-- Supplied data follows --

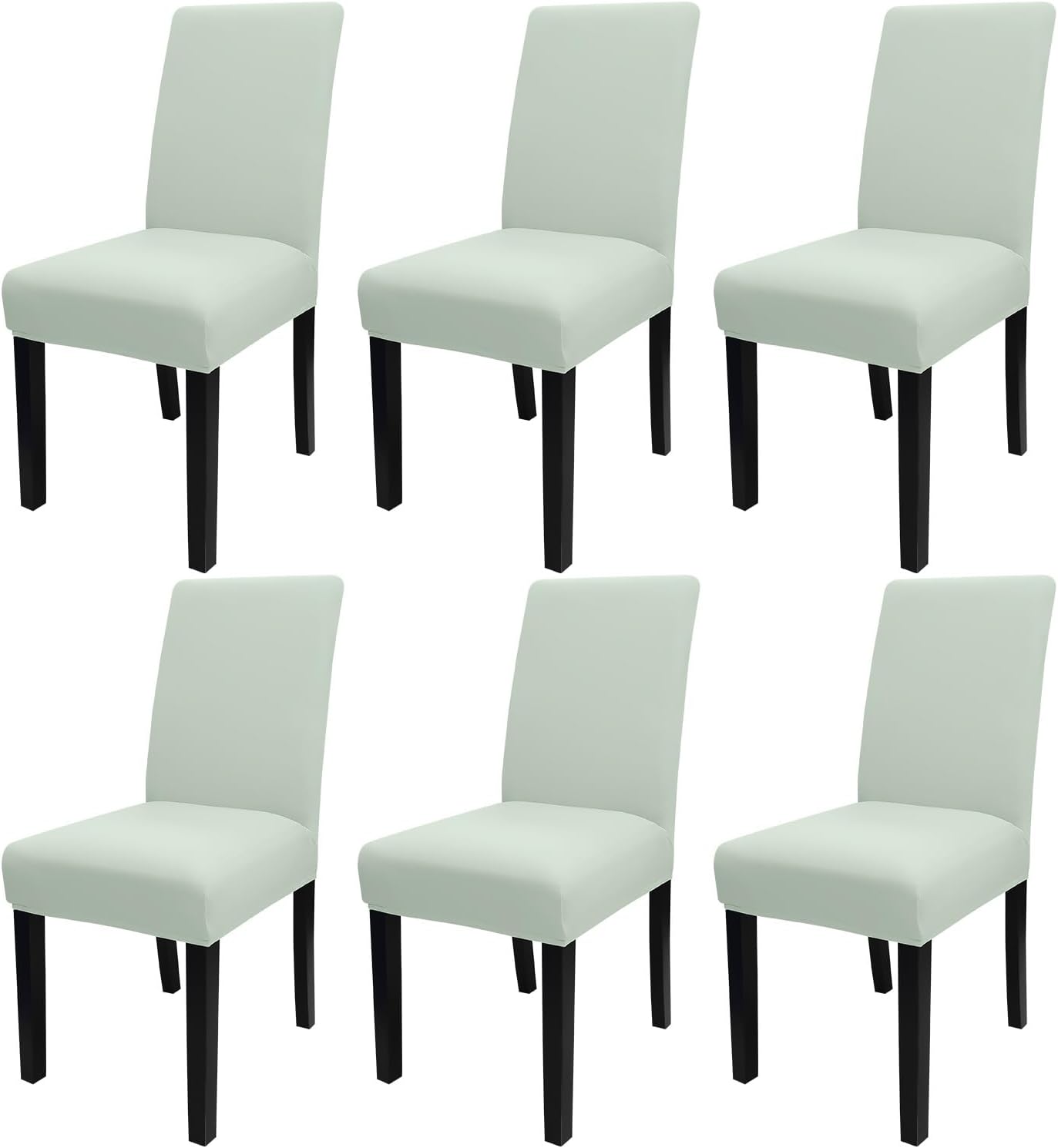 JQinHome Smoke Green Chair Covers for Dining Room Set of 6, High Stretch Removable Washable Parsons Chair Slipcover for Home Party Hotel Wedding Ceremony (6PCS,Smoke Green)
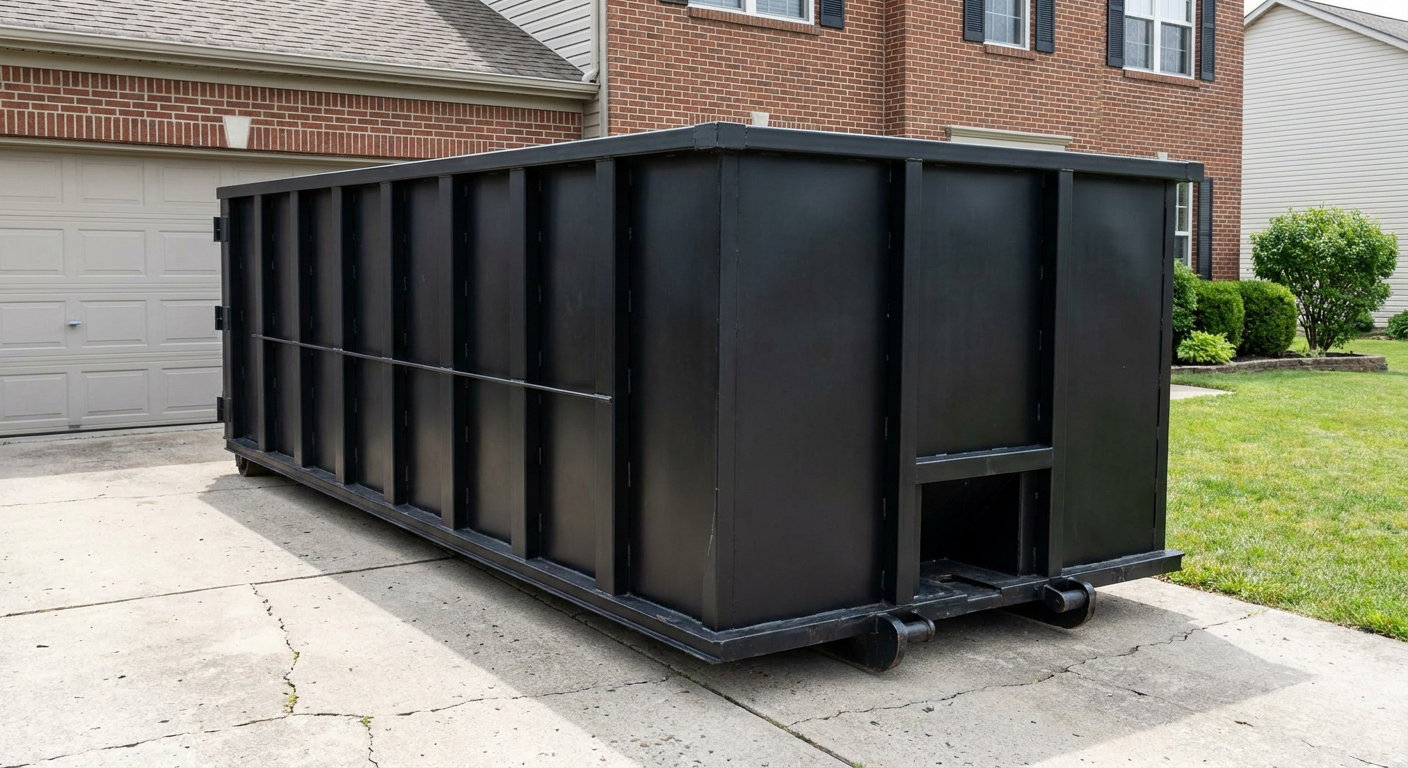 Matte-black 20-yard roll-off container on a Edinburg residential concrete driveway with reinforced ribbed steel sidewalls and a hinged rear walk-in door, clean bright daylight.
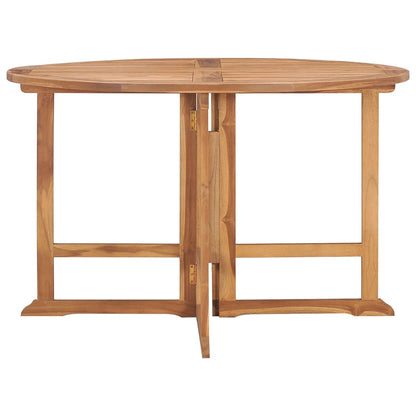 Mesa De Comedor De Jardín Plegable Teca Maciza Ø110X75 Cm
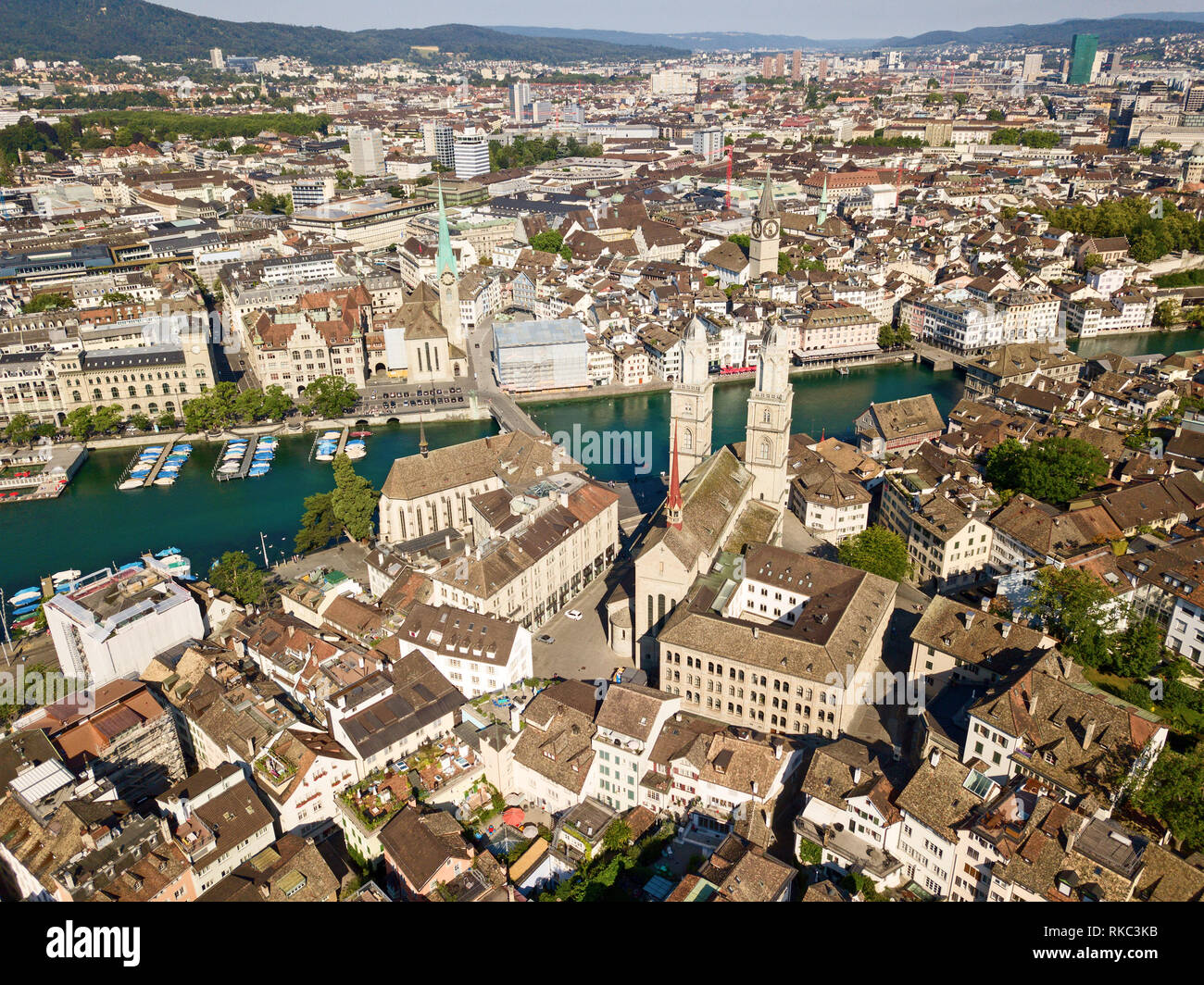 Zürich - 17.Mai: Luftaufnahme des Zürcher Altstadt am 17. Mai 2015 in Zürich, Schweiz. Stockfoto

-- Supplied data concluded --

:: Assignment ::
Would you reproduce the lines from the one with "Matte-black 20-yard roll-off" through the final line of the data above, exactly and only those, without any pictures?

:: Result for this exercise ::
 Matte-black 20-yard roll-off container on a Edinburg residential concrete driveway with reinforced ribbed steel sidewalls and a hinged rear walk-in door, clean bright daylight.
 Mesa De Comedor De Jardín Plegable Teca Maciza Ø110X75 Cm
 Zürich - 17.Mai: Luftaufnahme des Zürcher Altstadt am 17. Mai 2015 in Zürich, Schweiz. Stockfoto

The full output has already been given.